La Voleuse d'hommes, Margaret Atwood, p. 30, 31 |
Je vous mettrai donc un extrait de la page 163 car c'est à cette page que j'ai repris ma lecture tout à l'heure. Nous sommes à l'ouverture du chapitre 17.
" Toute l'histoire s'écrit à l'envers, écrit Tony, à l'envers. "
Tony est une jeune femme passionnée par l'histoire. Elle enseigne dans une faculté tout en terminant sa thèse. Je ne peux m'empêcher de vous donner la suite de ce début de chapitre :
" Toute l'histoire s'écrit à l'envers, écrit Tony, à l'envers. Nous choisissons un événement significatif, nous examinons ses causes et ses conséquences, mais qui décide de son réel impact ? Nous, et nous sommes ici ; l'événement et ses participants sont là-bas. Ils ont disparu depuis longtemps ; en même temps, ils sont entre nos mains. Sous notre pouce, comme les gladiateurs romains. Nous les obligeons à recommencer leurs combats pour notre plaisir et notre information, alors qu'ils les ont menés pour des raisons entièrement différentes.
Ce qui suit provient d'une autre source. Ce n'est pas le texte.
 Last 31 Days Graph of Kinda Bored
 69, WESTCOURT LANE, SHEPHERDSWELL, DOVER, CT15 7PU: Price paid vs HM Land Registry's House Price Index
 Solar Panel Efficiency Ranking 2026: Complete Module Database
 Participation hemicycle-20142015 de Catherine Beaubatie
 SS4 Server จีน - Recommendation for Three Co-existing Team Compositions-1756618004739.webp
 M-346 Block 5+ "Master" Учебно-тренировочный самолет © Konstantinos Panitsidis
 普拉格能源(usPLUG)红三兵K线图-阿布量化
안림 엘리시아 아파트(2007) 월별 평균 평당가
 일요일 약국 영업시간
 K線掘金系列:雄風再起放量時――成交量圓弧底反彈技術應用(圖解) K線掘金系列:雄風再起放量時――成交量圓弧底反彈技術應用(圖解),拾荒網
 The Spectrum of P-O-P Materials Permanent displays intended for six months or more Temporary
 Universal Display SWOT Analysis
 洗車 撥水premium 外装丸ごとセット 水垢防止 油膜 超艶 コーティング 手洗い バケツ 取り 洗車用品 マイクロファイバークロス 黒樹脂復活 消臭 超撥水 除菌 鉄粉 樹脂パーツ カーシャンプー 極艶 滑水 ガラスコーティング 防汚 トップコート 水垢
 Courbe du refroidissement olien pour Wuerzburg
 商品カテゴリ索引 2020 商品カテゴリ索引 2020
Pourtant, pense Tony, l'histoire n'est pas un véritable palindrome. Nous ne pouvons réellement la faire reculer, ni l'achever en un point précis. Trop de morceaux du puzzle ont disparu ; et nous en savons trop, nous connaissons le dénouement. Les historiens sont des voyeurs quintessentiels ; ils pressent le nez contre la vitre du Temps. Ils ne peuvent jamais se trouver réellement sur le champ de bataille, ni éprouver ces instants d'exaltation suprême, ou de chagrin intense. Leurs recréations sont au mieux des personnages en cire inégale. Qui choisirait d'être Dieu ? Pour connaître toute l'histoire, ses violents affrontements, ses mêlées, ses conclusions mortelles, avant même qu'elle n'ait commencé ? C'est trop triste. Trop démoralisant. Pour un soldat à la veille de la bataille, l'ignorance vaut l'espoir. Mais ni l'un ni l'autre ne sont le bonheur. "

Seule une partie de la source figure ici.